Sorry, I just discovered that IMCC claims to have an optimizer. 13:22
*runcore
We probably need to take a good look at docs/running.pod. I think it's full of lies.
man_in_shack dpaste.com/646709/ << whee 13:25
benabik Although I think it's a reasonable candidate for turning into parrot.1
mls (the default runcore seems to be "fast")
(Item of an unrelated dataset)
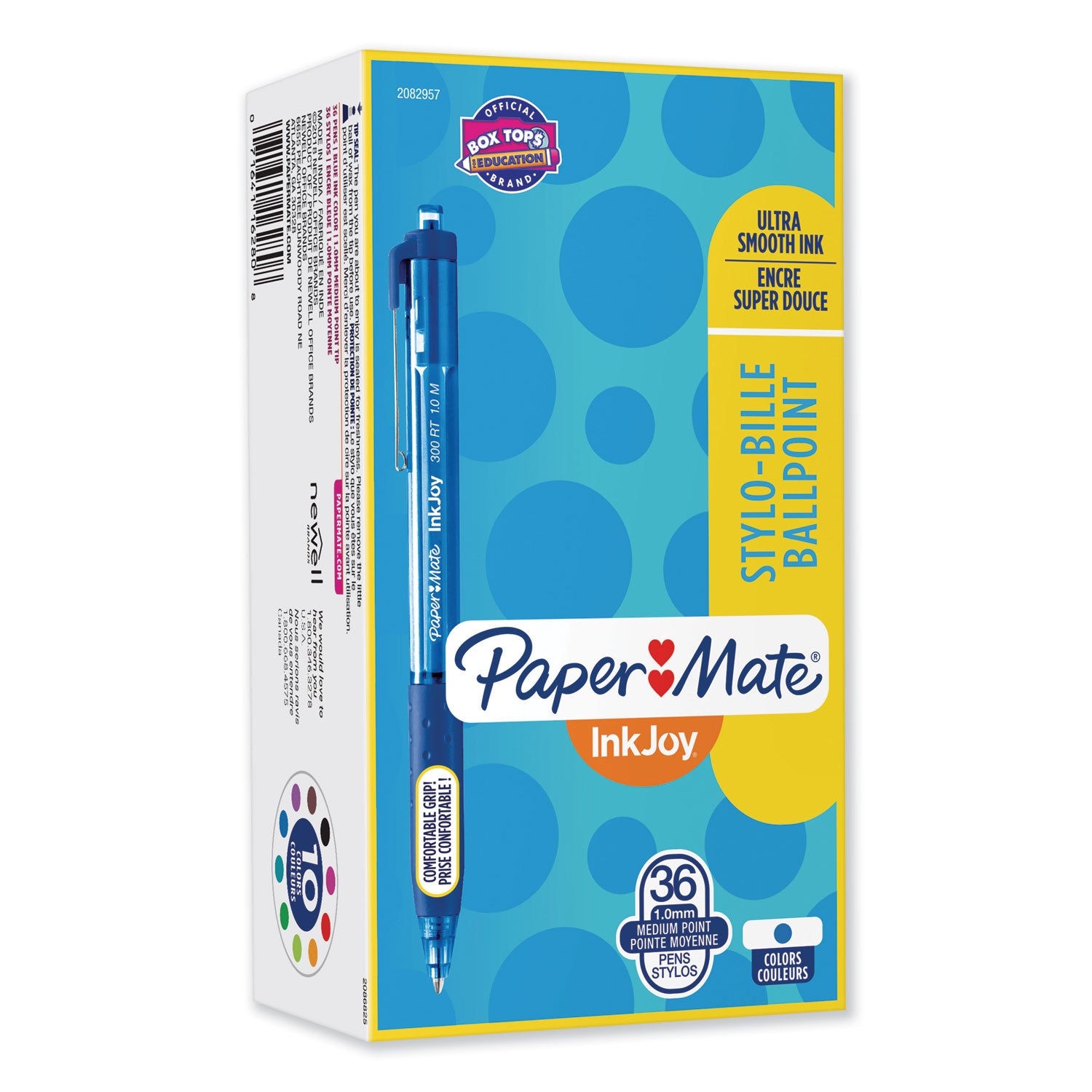 Paper Mate® Inkjoy 300 Rt Ballpoint Pen, Retractable, Medium 1 Mm, Blue Ink, Blue Barrel, 36/pack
(see parseflags() in parrot2/main.c)
whiteknight mls: yeah, the fast core is the default 13:27
it's a basic function-based runcore. 13:28
mls parrot's ops are surprisingly fast, as long as you don't allocate a PMC
man_in_shack so how do i fix this error then? 13:30
benabik man_in_shack: Is that from debian's parrot package?
man_in_shack yup 13:31
benabik man_in_shack: There should be a osutils.pbc in /usr/lib/parrot/3.6.0/library
mls whiteknight: about that exception question: I implemented a "pop_upto_eh <exception>" op that pops all handlers until the one is found that handled the exception. This is very useful if you don't plan to do a return after the exception was caught, as you don't know how many handlers have been pushed.
benabik If the file is not there, then the debian package is missing files. If the directory isn't, then I don't know where debian is putting our files. If it is, then something off with the library paths. 13:32
moritz is there maybe a parrot-dev package too?
man_in_shack benabik: the file's not there
mls I am wondering if that behavior should be the default, i.e. if parrot should always pop the "excess" handlers. But that means that we have to store a copy of the handler array in the exception, so that we can restore the handler in the rethrow/resume case 13:33
benabik moritz++
man_in_shack: You may need to install parrot-devel
man_in_shack i have already
mls Thus exception throwing would be a bit more expensive. Rakudo doesn't benefit from the change, as Rakodo's exception handling is completely different from parrot. So I don't know if making exception handling saner is good or bad. 13:34
man_in_shack dpkg -S isn't reporting any osutils.pbc file, so no package has it installed
and i had no luck finding it on packages.debian.org either 13:35
benabik The debian package missing files. Don't know how to fix that.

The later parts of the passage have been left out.